[R-group] Post on ANOVAs

Michael Renton michael.renton at uwa.edu.au
Tue Oct 7 09:03:07 WST 2014


Good discussion I agree. I'll add my two cents worth...

I get a bit bemused by the idea that there should even be some clear right or wrong about whether to drop non-significant terms. Essentially they are just different models of the data, and as the quote says, all models are wrong, but some are useful. 

I think the way to approach this stuff depends quite a bit on whether I have a specifically designed and controlled experiment, or whether I'm doing a more exploratory analysis with lots of covariates and without a specific design to test each possible factor independently. 



If I'm analysing a specifically designed and controlled experiment, then the questions should be pretty focussed - presumably someone designed the experiment to test some specific hypotheses - if they designed a factorial experiment then I'd include interactions in the model, otherwise, why would we have bothered doing a factorial experiment? If we weren't interested in interactions then we wouldn't have included them in the design. But it would be a fairly boring experiment without at least second order interactions probably? :)

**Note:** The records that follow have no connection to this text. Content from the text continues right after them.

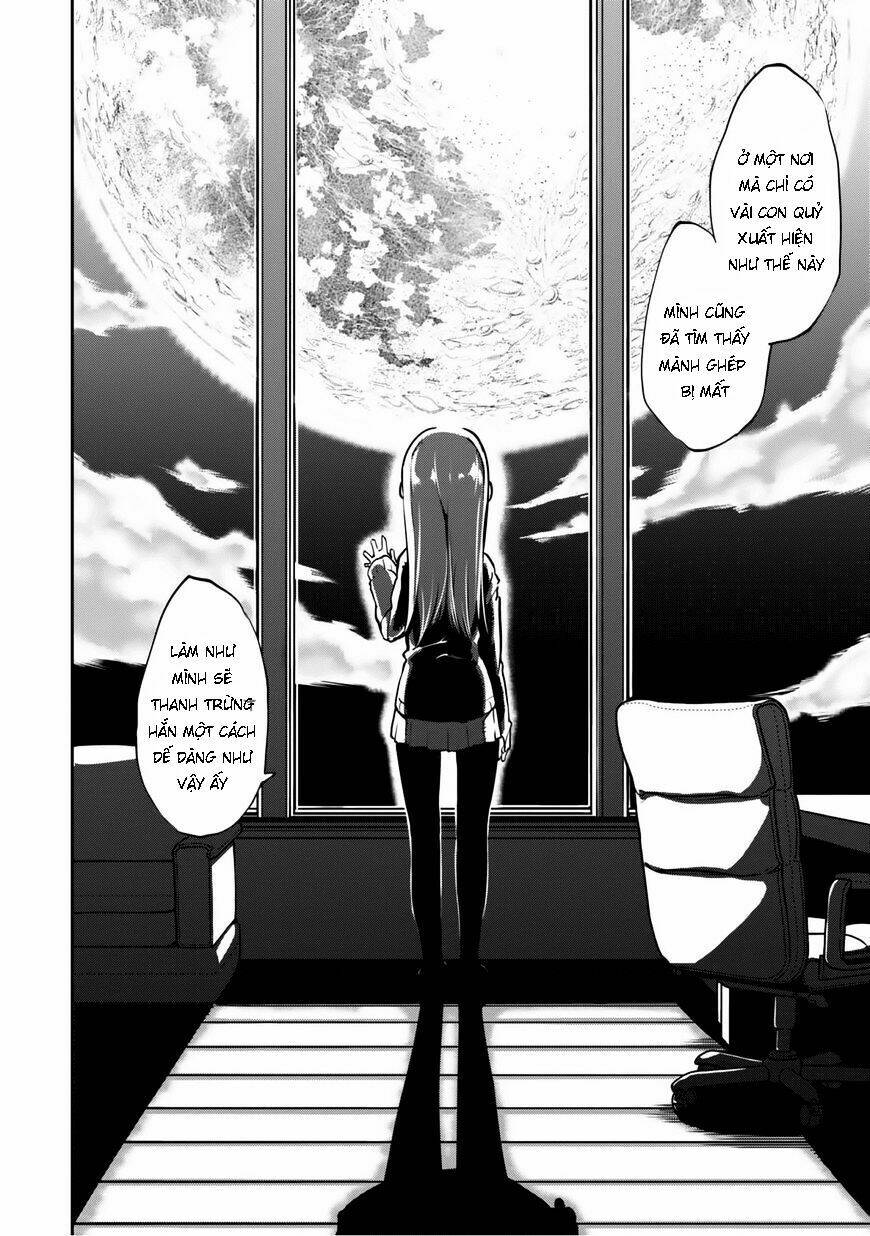 Con Quỷ Ngu Ngốc Dám Nhờn Với Các Chị Thiên Thần Chapter 2 - Trang 2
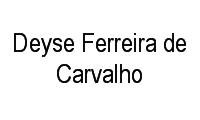 Logo Deyse Ferreira de Carvalho em Madureira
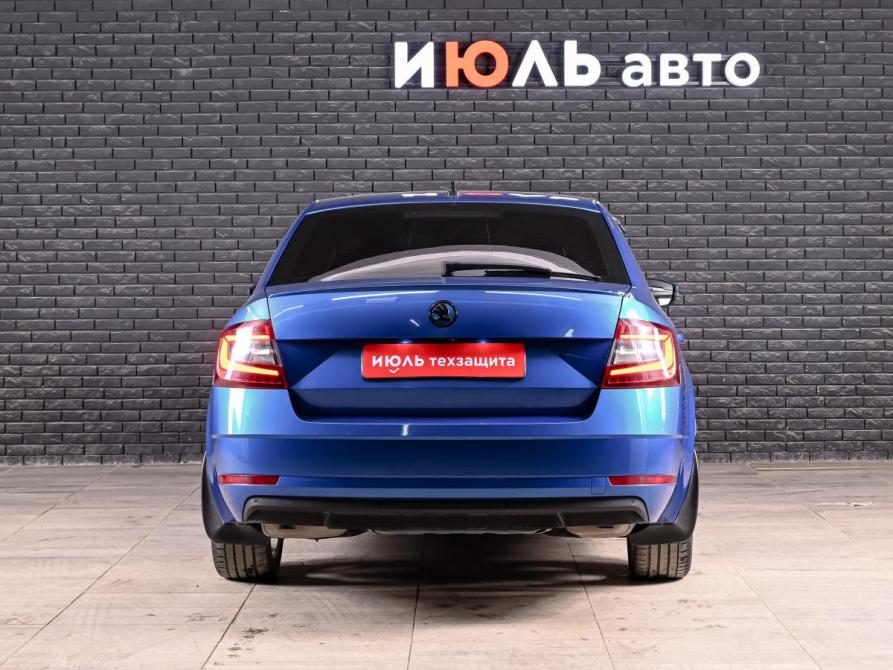 Skoda Octavia III (A7) Рестайлинг Екатеринбург  - изображение 5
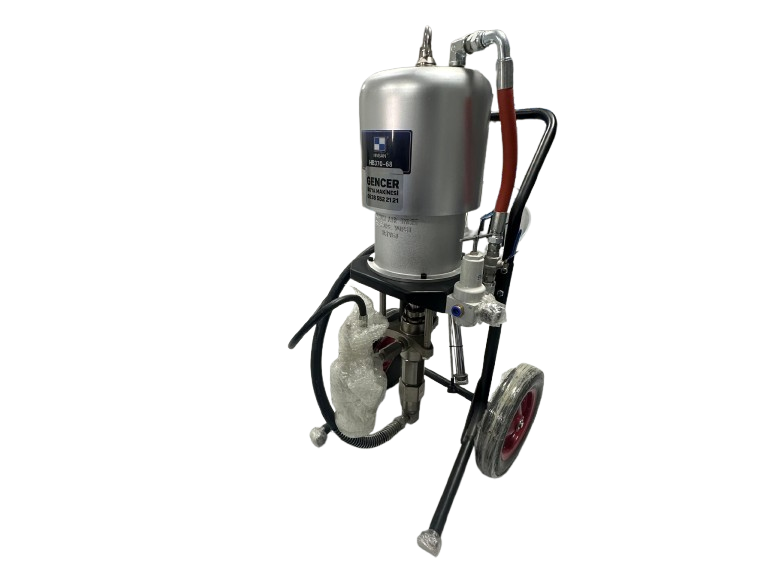 Hasco 68/1 Airless Boya Makinesi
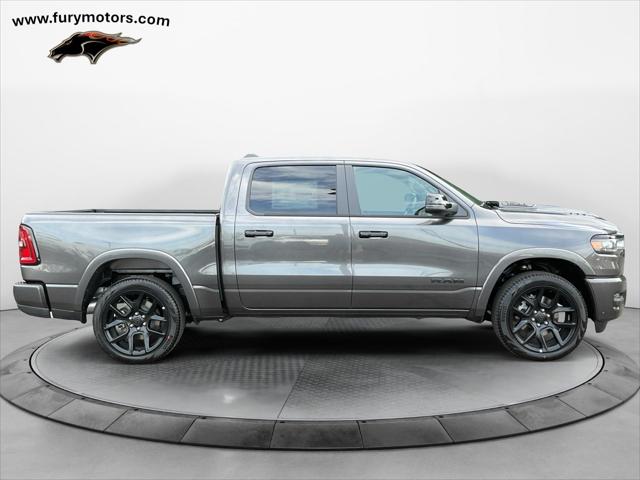2026 RAM Ram 1500 RAM 1500 LARAMIE CREW CAB 4X4 57 BOX 2026 RAM Ram 1500 RAM 1500 LARAMIE CREW CAB 4X4 57 BOX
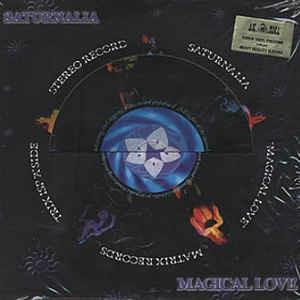 Magical Love Picture Disc - Vinile LP di Saturnalia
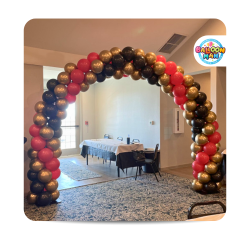 20' (8x8) Standard Arch (reverse spiral)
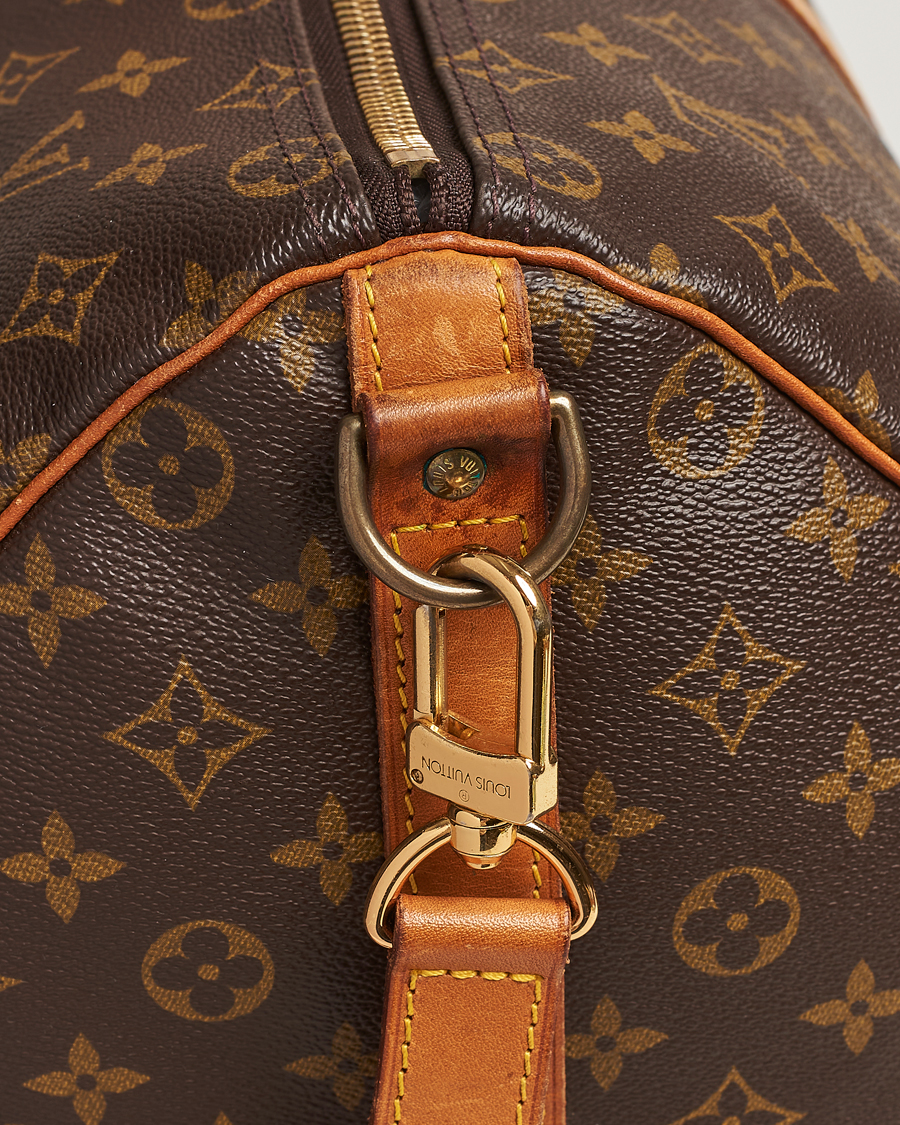 Uomini | Louis Vuitton Pre-Owned Keepall Bandoulière 50 Monogram  | Louis Vuitton Pre-Owned | Keepall Bandoulière 50 Monogram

Simplest case, 2-way factorial design, it would make no sense to not include the interaction. If the interaction's significant, or even close to significant, then that is evidence that the effect of the factors depend on each other, and so any main effects have to be interpreted carefully. It's not really a question of whether it's right or wrong to look at the significance of the main effect, but I guess if we want a black/white rule it's fair to say that you really can't blindly interpret main effects if the interaction is significant. Like Bruno says - graphical interpretation is the key. The data should drive the interpretation, not the p-values. And if the interaction isn't significant, would you drop it? If it's really insignificant then it should make little difference whether we drop it or not. If it does, say it changes one of the main effects from non-significant to significant, then that main effect is pretty borderline whether or not the interaction is included and whether or not it's just on the right or wrong side of the magic p=0.05. And if the interaction itself is borderline significant then really I think you've got two alternative viable models - one where the effect of the factors depend on each other and one where they don't and you should think about each of them. Still they shouldn't say anything really different to each other.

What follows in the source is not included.